_RECORDED INFORMATION_:
Start of Block
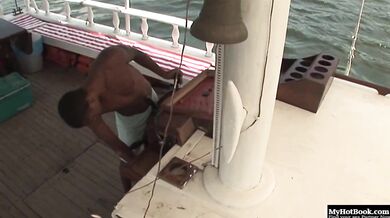 Jessica Baya fucks anal on a boat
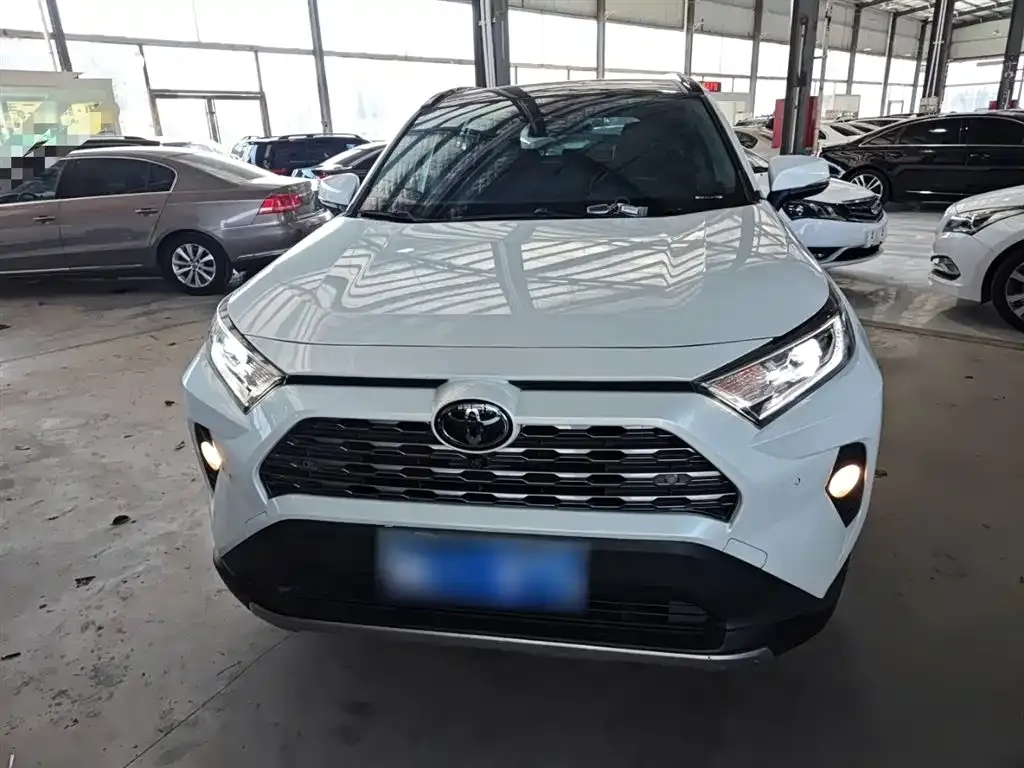 Toyota RAV4 — фото 4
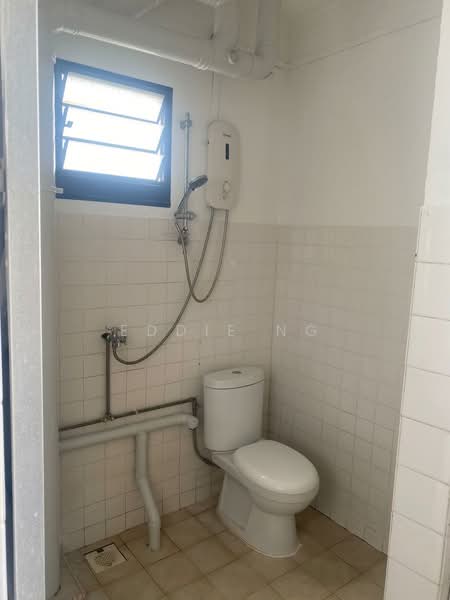 321 Yishun Central, 321 Yishun Central, 2 Bedrooms, 797 sqft, HDB Flat For Sale, by Eddie Ng, 500132573 - Bathroom - PropertyGuru.com.sg
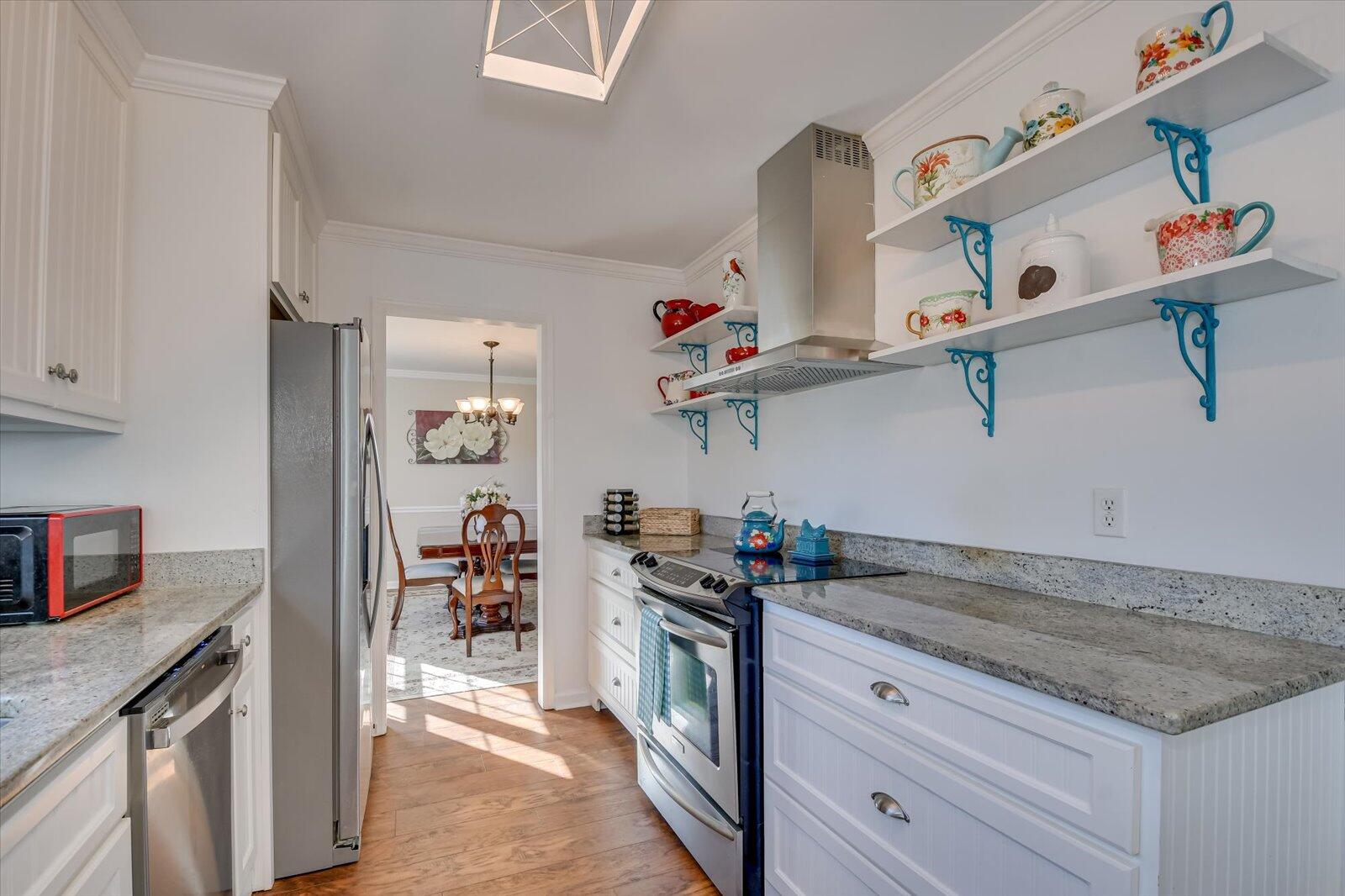 104 LAKE BLUFF Drive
End of Block
_YOUR TASK_: Except for the pictures, write the data out exactly.

_RESULT_:
 Jessica Baya fucks anal on a boat
 Toyota RAV4 — фото 4
 321 Yishun Central, 321 Yishun Central, 2 Bedrooms, 797 sqft, HDB Flat For Sale, by Eddie Ng, 500132573 - Bathroom - PropertyGuru.com.sg
 104 LAKE BLUFF Drive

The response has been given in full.